───── Dataset excerpt
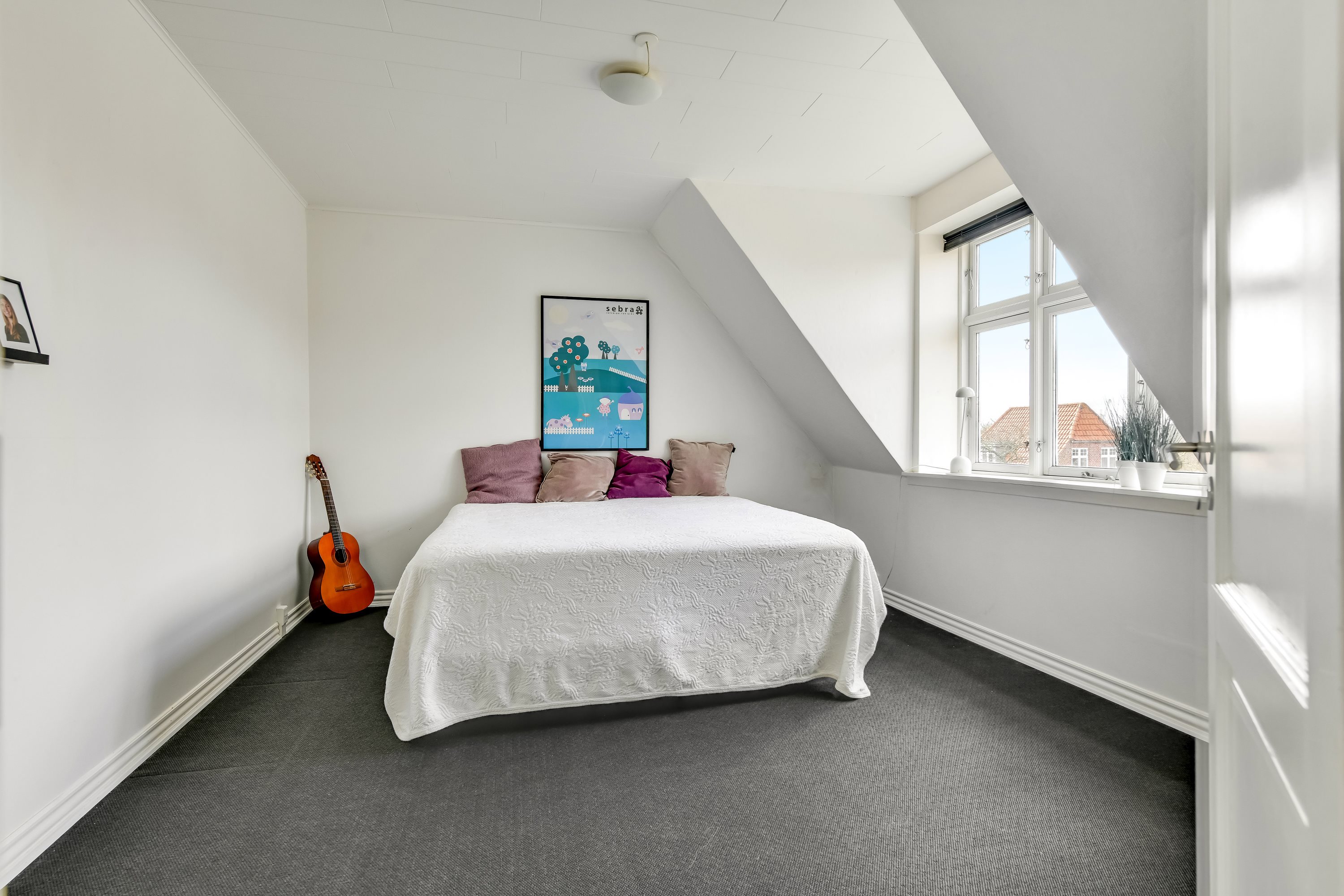 Fremhævet værelse billede i fuldskærmstilstand. Billede af Grundtvigs Alle 85, 6700 Esbjerg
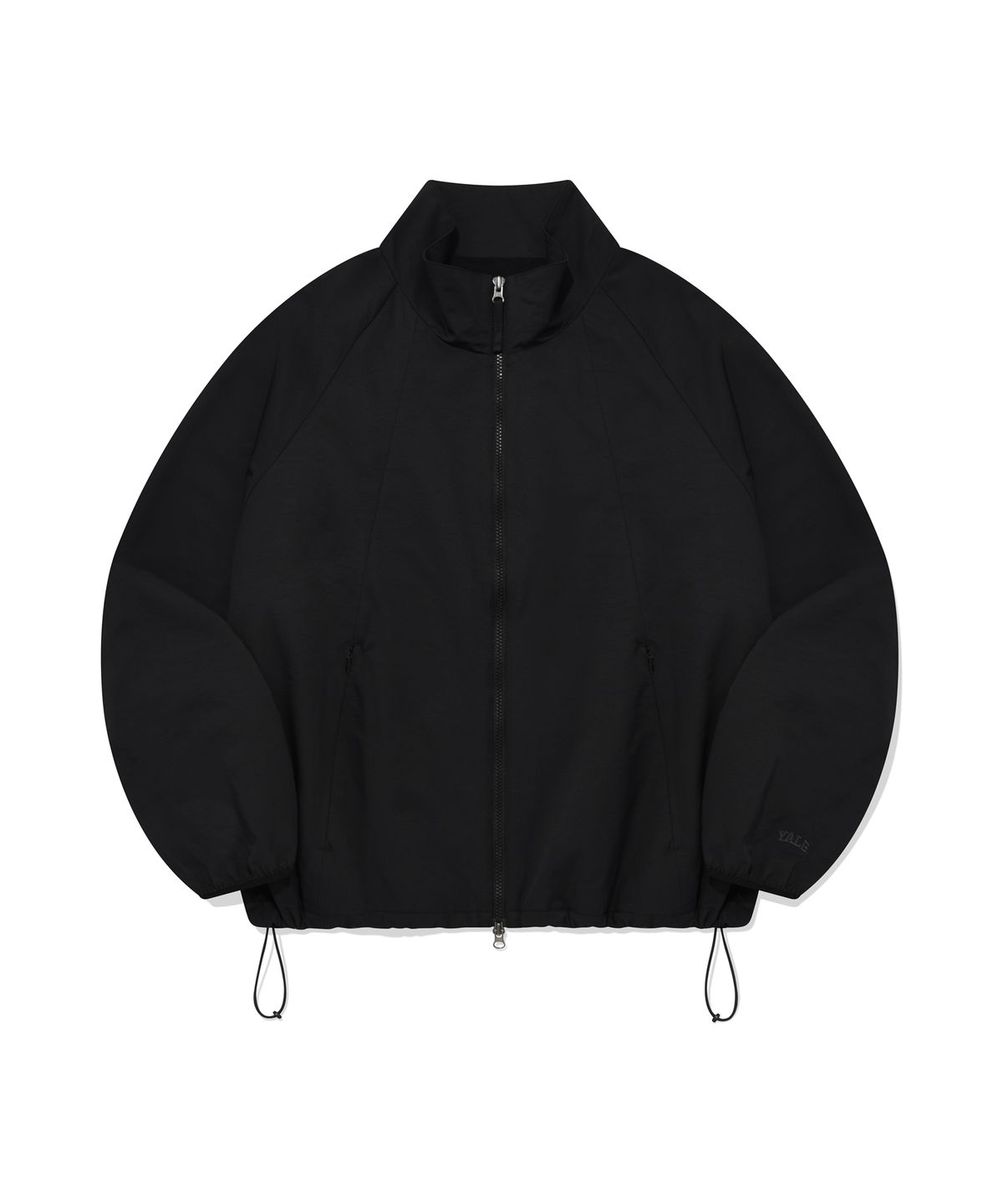 예일(YALE) [기모안감][ONEMILE WEAR] 웜업 트랙 블루종 블랙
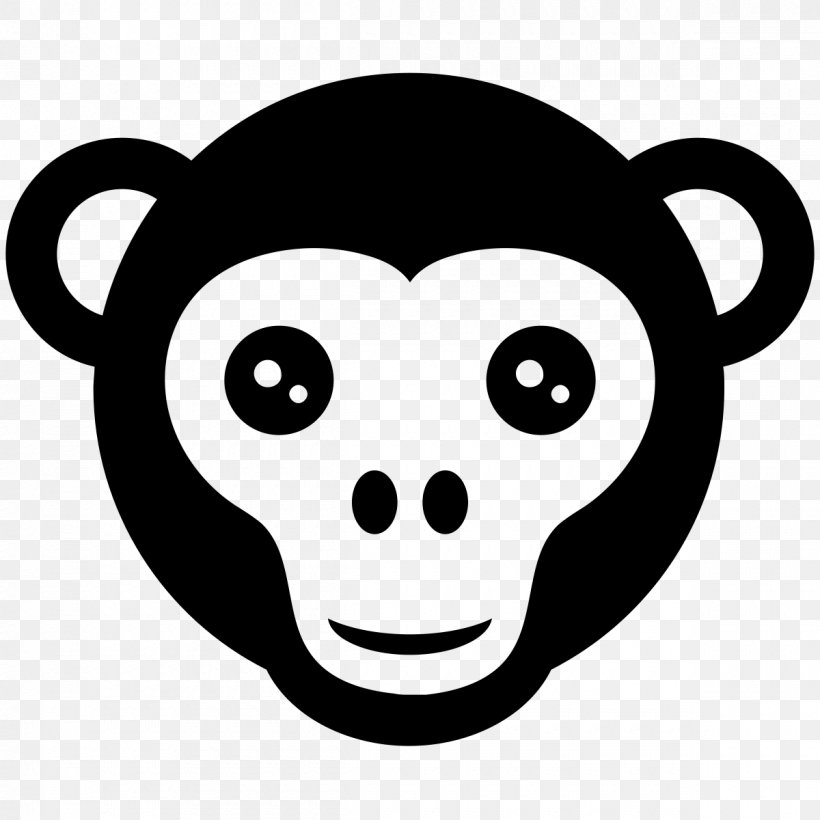 Baboons Primate Macaque Monkey Chimpanzee, PNG, 1200x1200px, Baboons, Black And White, Cartoon, Chimpanzee, Drawing Download Free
──────────
▶ [What to produce] Reproduce the data word for word, excluding its pictures.

▶ [Answer box]
 Fremhævet værelse billede i fuldskærmstilstand. Billede af Grundtvigs Alle 85, 6700 Esbjerg
 예일(YALE) [기모안감][ONEMILE WEAR] 웜업 트랙 블루종 블랙
 Baboons Primate Macaque Monkey Chimpanzee, PNG, 1200x1200px, Baboons, Black And White, Cartoon, Chimpanzee, Drawing Download Free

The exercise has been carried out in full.